Crap, another season of “Jersey Shore” is on air already? Weren’t they just in Miami last week? (Oh, wait, that was the New Year’s Eve “Jersey Shore” marathon that I watched.) For the third season, the gang is back in Seaside Heights, NJ. You have to hand it to these crazy kids that their livers are still functioning! Let’s see what we can expect from the season ahead of us…
This is what we learned from the trailer:
- Snooki’s friend Deena has moved to the shore house. Like Snooki, she’s 4-foot-tall with unnaturally tan skin. (I would have preferred Ryder, who I always thought was a less-pretty Taylor Swift, but whatever.) This class act strips for The Situation and shows him her lady parts on the very first night. Girl, if you were gonna show someone your goodies, why’d you go for the biggest douchebag in the household?
- Snooki gets wasted in broad daylight … and then gets arrested.
- JWoww screams at her boyfriend and slams down the duck phone repeatedly. But what else is new?
- Sammi gets in another screaming match with the other girls in the house and she and JWoww throw fists again. Actually, it’s more like hair-pulling and fake nails. But it’s still kind of scary because I get the feeling if one of the guys doesn’t step in and pull them apart, JWoww is aggressive enough to really hurt her.
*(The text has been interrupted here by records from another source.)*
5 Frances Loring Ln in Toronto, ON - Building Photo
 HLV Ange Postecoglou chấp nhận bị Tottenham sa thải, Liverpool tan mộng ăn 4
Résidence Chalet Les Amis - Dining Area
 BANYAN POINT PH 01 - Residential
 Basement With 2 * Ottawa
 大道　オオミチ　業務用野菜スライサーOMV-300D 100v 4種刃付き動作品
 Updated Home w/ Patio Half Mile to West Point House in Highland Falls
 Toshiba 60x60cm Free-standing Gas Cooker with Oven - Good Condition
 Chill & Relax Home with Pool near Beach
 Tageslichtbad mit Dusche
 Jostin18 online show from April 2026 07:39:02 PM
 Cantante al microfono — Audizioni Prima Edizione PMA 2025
- Sammi punches Ronnie in the face, packs up her stuff and leaves, reportedly after Ronnie’s cheating/lying/douchebaggery appeared on air last summer. As much as I don’t condone violence, especially not domestic violence, part of me thinks, “Finally!” when she actually lashes out at him instead of just eating up his lies like an idiot. Looks like she actually has a backbone after all. Sorry, girl, but you were fairly warned by The Infamous Note.
And from the New Year’s Eve sneak peek we learned:
- Deena seems kind of annoying.
Hey, don’t worry if you miss “Jersey Shore”‘s season three premiere tonight … or the whole season. Rest assured, a pouf-less Snooki thinks the cast could go on and do this their whole lives.